Sunday, January 25, 2004 @ 08:45 p.m.;
Sunday, January 25, 2004 @ 04:46 p.m.;
*drifts for a while* ;p sumhow feeling excited for those pple esp for ruz n yani. aku support korang dari blakang!valentine's also ard the corner. not realli into it. nvm, celebrate ngan matair aku ah....si shikin beylo tu. hahaha. dier single. aku single. bleh ar.k go~
Saturday, January 24, 2004 @ 05:42 p.m.;
unfortunately for me, qamarul was the one who msg-ed me bout the ecp thingie. mom din realli confronted me on the msg-es in my hp, but she jus said not to go out todae.
to dampen my mood, the big P came todae. pms haven realli hit me yet but my back now aches. dang, it a preety hard to be a ghurl. dis lah, dat lah. *thinkin* wats there for me to do?? hmmm..i guess shuld do more termenung.
Saturday, January 24, 2004 @ 12:22 p.m.;
maser aku pakai baju cheongsam putih tu. sekian lamer sey tak pakai. dah tu, lepas dk, tukar jer dari baju kurong ker cheongsam, dapat compliments banyak2. bangga aku keseorangan. alahai! lepas tu gi zara pon ader om puteh ni tngk aku semacam. waduh!!
dah lah..aku ari ni semangat kemelayuan. entry ni pon melayu sey. melayu pon tak betol. mcm aku amik kesah ar. aku tak leh angkat. aw!
Tuesday, January 20, 2004 @ 12:51 p.m.;
the whole of yest afternoon was raining 'woof' and 'meow'. so i was totally drenched to my guts? after eating our late lunch at s11, decided to lepak at s'goon stadium. the sudden relapse of my stomach ache decided to hit me den n there. wasn't rollin ard as usual. took panadol menstrual for some reason i don noe. or izit coz dats the only pill available den? oh watever.
it was freakingly chilly. only to make me feel worse. had to walk from the stadium to the bus-stop like sum prawn. almost crouching to ease dat freaking pain. wat luck i had since 147 buses are all air-conditioned. i think i would haf frozen to death if the bus driver drive more slowly.
reached home quickly changed den plop down on the sofa. watch tv till bout 7.45 den straight to my bed. the nxt thing i knew, its already 3.58am. was really hopin to catch a cold or fever but i guess my immunity still stayin strong. but since i plan not to go to sch,so continued sleeping till 8+.
now, feeling regretful. shuld haf gone to sch despite dat GP period. i guess i'll jus haf to wait till 3+ to back to sch for the last dikir practice for 2moro's CNY performance. n yar, maybe going to sch wif last year's racial harmony's all white cheongsam ensemble..
Tuesday, January 13, 2004 @ 10:22 p.m.;
now back to wat im supposed to be doing, RESEARCH! till then, adios amigos!
Thursday, January 8, 2004 @ 07:50 p.m.;
todae din skip lectures like wat i did the last 2 daes. so far skipped hist n maths a lecture. had 2 periods of p.e, 1 period lit, 1 period management n 1 period malay lecture. mengancam jugak ar sub. so din skip. step bdk baik. pi dah mabok!
was realli looking forward to p.e just now.
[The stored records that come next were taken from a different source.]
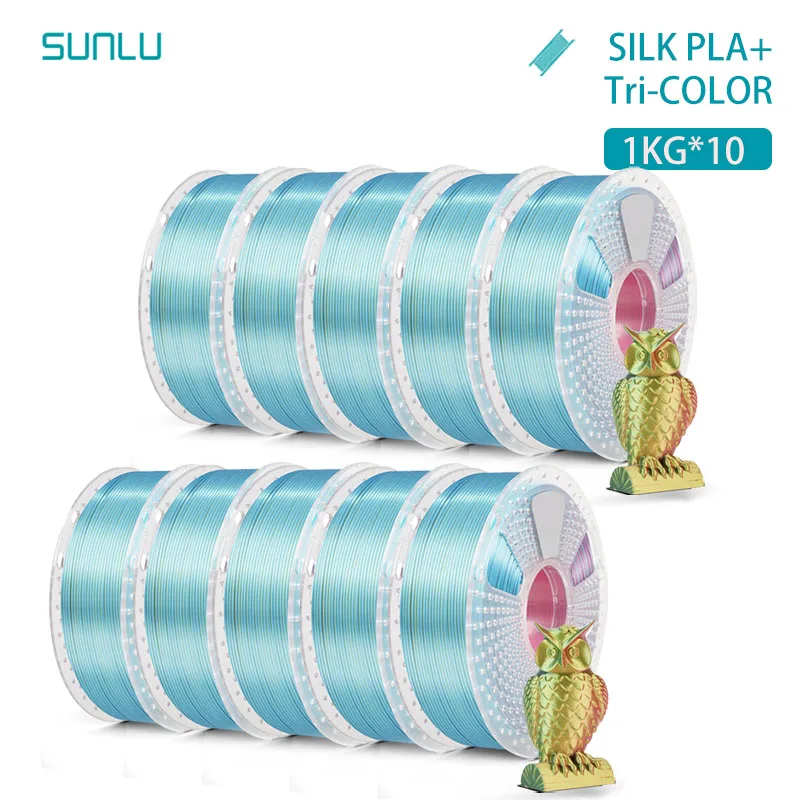 Filament SUNLU PLA  Trójkolorowy Jedwabny (TRIPLE SILK)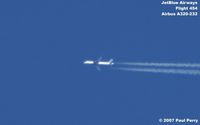 UNKNOWN - Jetblue, a frequent transient in my skies - by Paul Perry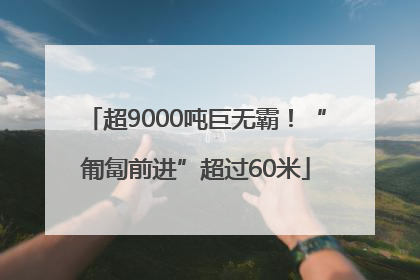 超9000吨巨无霸！“匍匐前进”超过60米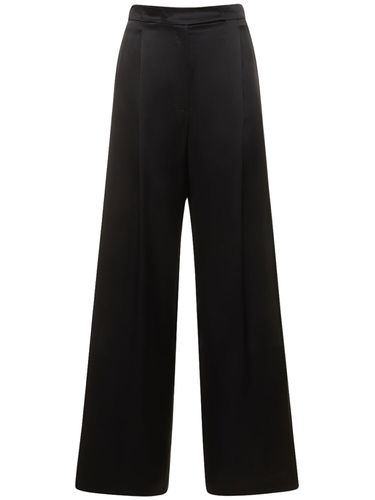 Pantalones Anchos De Satén De Seda - MAX MARA - Modalova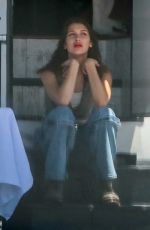 BELLA HADID on the Set of a Photoshoot in New York 06/25/2018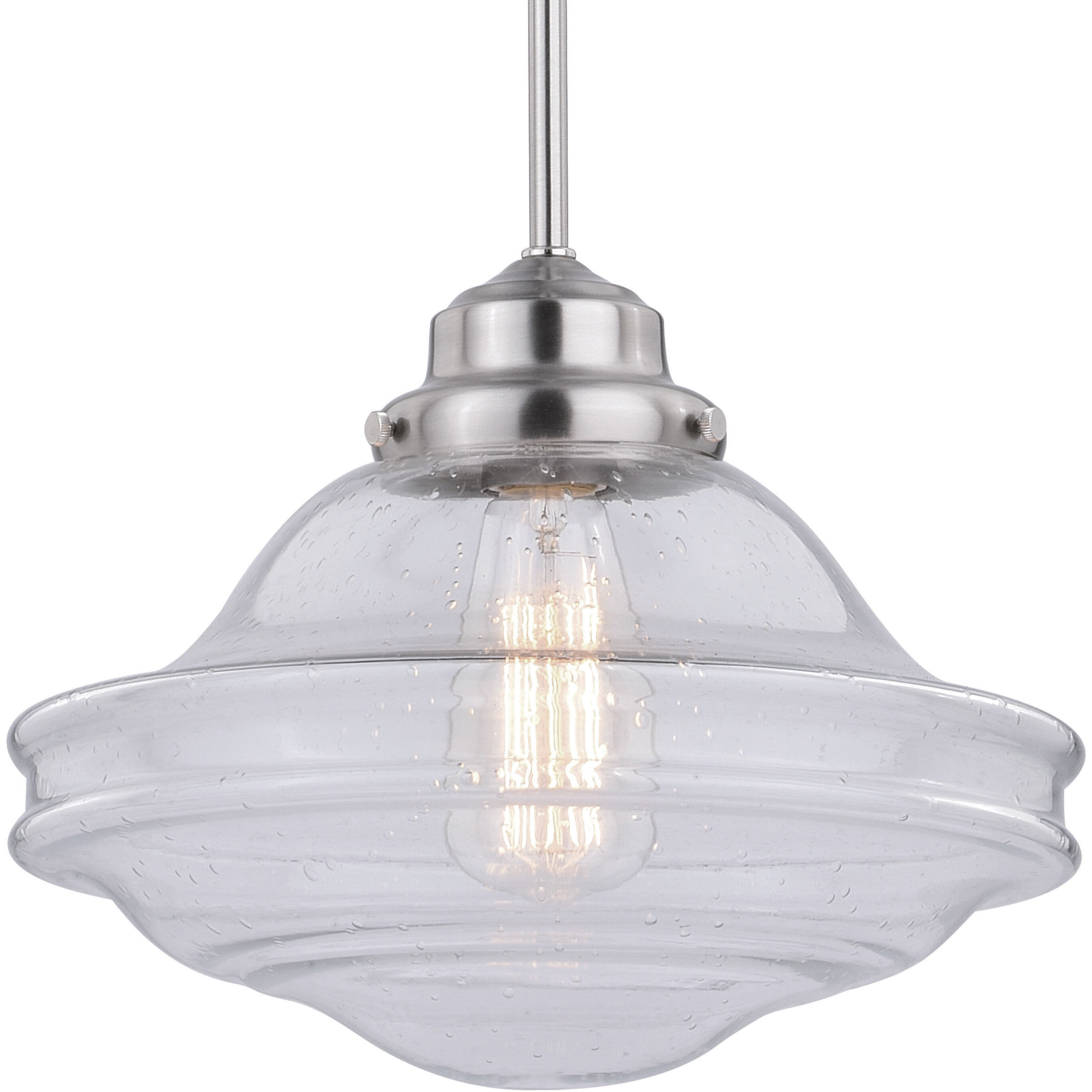 Huntley LED 12 inch Satin Nickel Pendant Ceiling Light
OMG!! dat was the first time i did a lot of push ups. damn lot. all kinds of push ups. from the norm to diamond to spider to stagerred(whut?). 1 period is 45 min so count for urself how much time we spent. den did the sprints like the normal athletics drill. after which we run ard the whole sch, yes the WHOLE SCH! lucky thing the sch is freakingly small BUT the sch's located on a hill. imagine dat.
tiring but fun. mr. amir, the dm cum p.e teacher, complimented my running posture. *woots* kembang aku seketika. ;p after the lesson, the track teacher, mr heikal, came to me n asked if i was goin 4 2moro's x-country training. he asked for my name. den i was like hesitating. dun noe which name to sae.
i said, "siti faitmah. urm..call me zahra. coz there's 2 siti fatimah u see."
im supposedly the fart n she's fatimah. but pple dun seem to understand n called her fart. so im using my last name. not my dad's name, u dope! dats part of name! haf to get use to pple calling me dat. ZAHRA. glamour. vogue. hahaha.
now feeling all the aches from p.e lesson. long time nvr did anything dis vigorous. nah! amik kau obat, zahra!
anywhoos, cikgu ahmad, malay teacher, saw me wif my digicam todae. he came up to me n asked who's pic i took. i was like stuttering, making up sum shitey reason.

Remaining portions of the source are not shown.